Chris Andrews (@chrisandrews) has developed the libusdt library a few years back so that dynamic language developers can publish custom DTrace providers easily. He has also developed the associated modules for Ruby, Perl and Node.js... If you are dealing with one of these languages, publishing a DTrace provider usually takes no more than 5 lines.

Last September, Chris has adapted his library so that it works with Oracle Linux 6 DTrace and the Unbreakable Enterprise Kernel 3. This post explains how to use Perl Devel::DTrace::Provider module in this context.
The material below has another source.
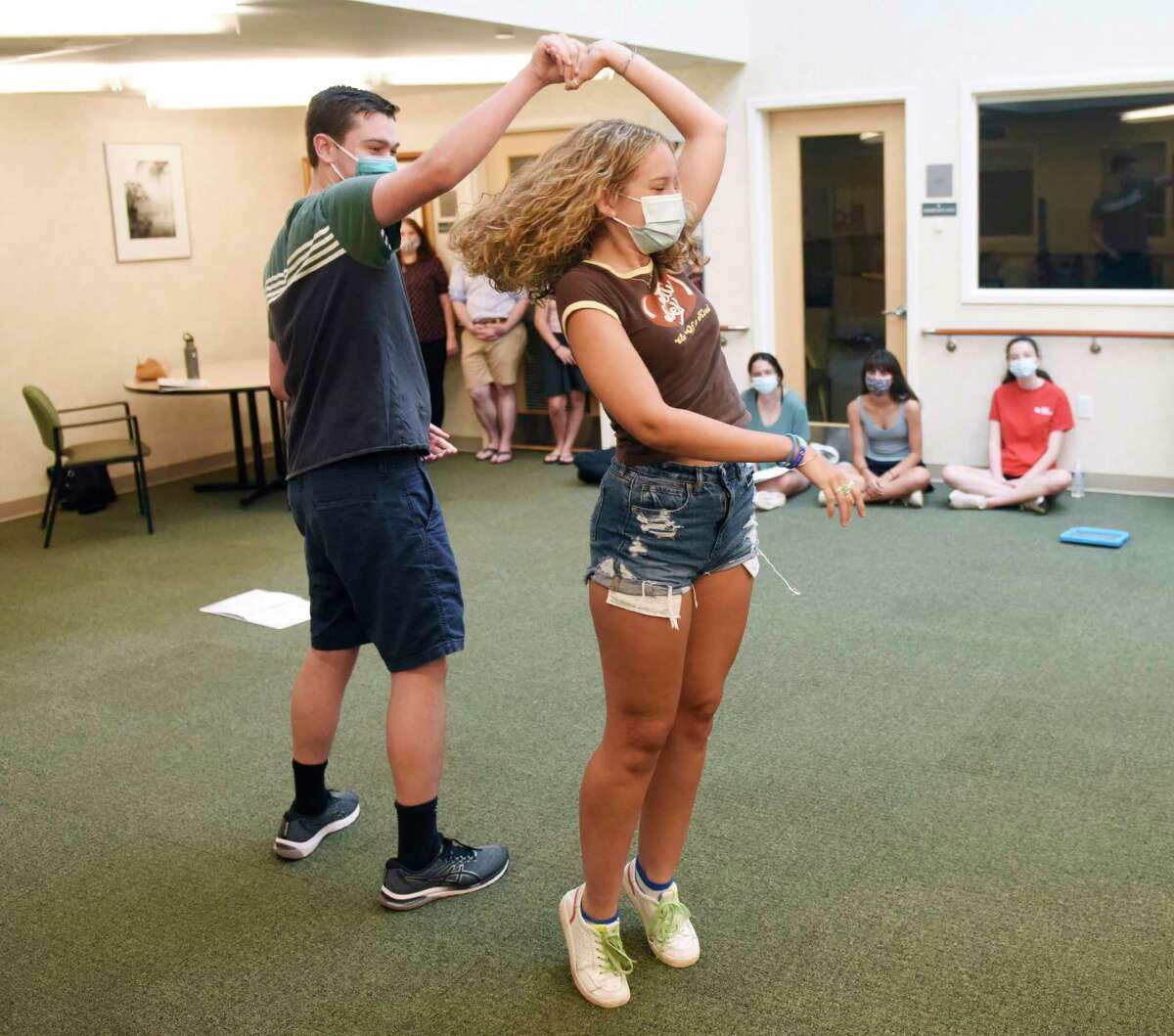 Josh Winston and Jordyn Libow, both 17, playing the roles of Jamie and Cathy in "The Last Five Years," rehearse choreography at River House in the Cos Cob section of Greenwich, Conn. Sunday, July 11, 2021. Unlike many of the arts organizations in town, Greenwich Arts Alliance never closed during the COVID-19 pandemic. The nonprofit, which uses therapeutic arts programs to educate students and seniors, began rehearsal in person again during the first week in June and plans to host two upcoming shows in mid-and-late July.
Installing the Devel::DTrace::Provider Perl Module

The 1.11 version of Devel::DTrace::Provider doesn’t come with the latest libusdt. We can assume, next release will do! In the meantime, if you install the module on Perl, it fails. In order to workaround that issue, install it from the source and change the libusdt library with the latest one... As a prerequisites, make sure you have an Oracle Linux 6 running DTrace and you have downloaded the DTrace utilities and the associated headers from your Oracle Premier Support. You should be able to run the script below as root:
modprobe dtrace
modprobe profile
modprobe sdt
modprobe systrace
modprobe fasttrap
chmod 666 /dev/dtrace/helper
Install the following Perl Module that are required by Devel::DTrace::Provider:
yum -y install perl-Data-OptList perl-Params-Util \
     perl-Sub-Install perl-JSON perl-Sub-Exporter
Download the module gzip tarball. The 1.11 release can be downloaded from here. Download the libusdt library from its GitHub.com page. You can download it as a zip here. Once you have the 2 distributions on your filesystem, decompress them and make sure libusdt is part of the Perl Module like below:
tar -zxvf Devel-DTrace-Provider-1.11.tar.gz
cd Devel-DTrace-Provider-1.11
rm -rf libusdt
unzip ../master.zip
mv libusdt-master libusdt
Build and install the Perl module:
perl Makefile.PL
sudo make install
You can simply test the module like in the example below:
sudo make test
PERL_DL_NONLAZY=1 /usr/bin/perl "-MExtUtils::Command::MM" "-e" "test_harness(0, 'blib/lib', 'blib/arch')" t/*.t
t/builder.t ...... ok   
t/imported.t ..... ok   
t/imported2.t .... ok   
t/json.t ......... ok   
t/noargs.t ....... ok   
t/provider.t ..... ok    
t/unavailable.t .. ok   
All tests successful.
Files=7, Tests=43,  0 wallclock secs ( 0.04 usr  0.01 sys +  0.25 cusr  0.04 csys =  0.34 CPU)
Result: PASS

Include a Custom DTrace Provider in your Perl script

Once the module installed, you can use it from any of your Perl scripts. Create a file name helloworld.pl that declares and enable a probe for a new provider named myprovider:
use Devel::DTrace::Provider;

my $provider = Devel::DTrace::Provider->new('myprovider', 'myapp');
my $probe = $provider->add_probe('start', 'monitor', ['string']);

The script below will be able to intercept the probe and display its parameter:
sudo dtrace -qZn 'myprovider*::: { printf("%s:%s:%s:%s (%s)\n", probeprov, probemod, probefunc, probename, copyinstr(arg0)) }'
Run your Perl script:
perl helloworld.pl
It displays the probe as well as value sent as an output parameter:
myprovider10894:myapp:monitor:start (HelloWorld)
You can now enjoy extending your application with a custom DTrace provider on Linux too...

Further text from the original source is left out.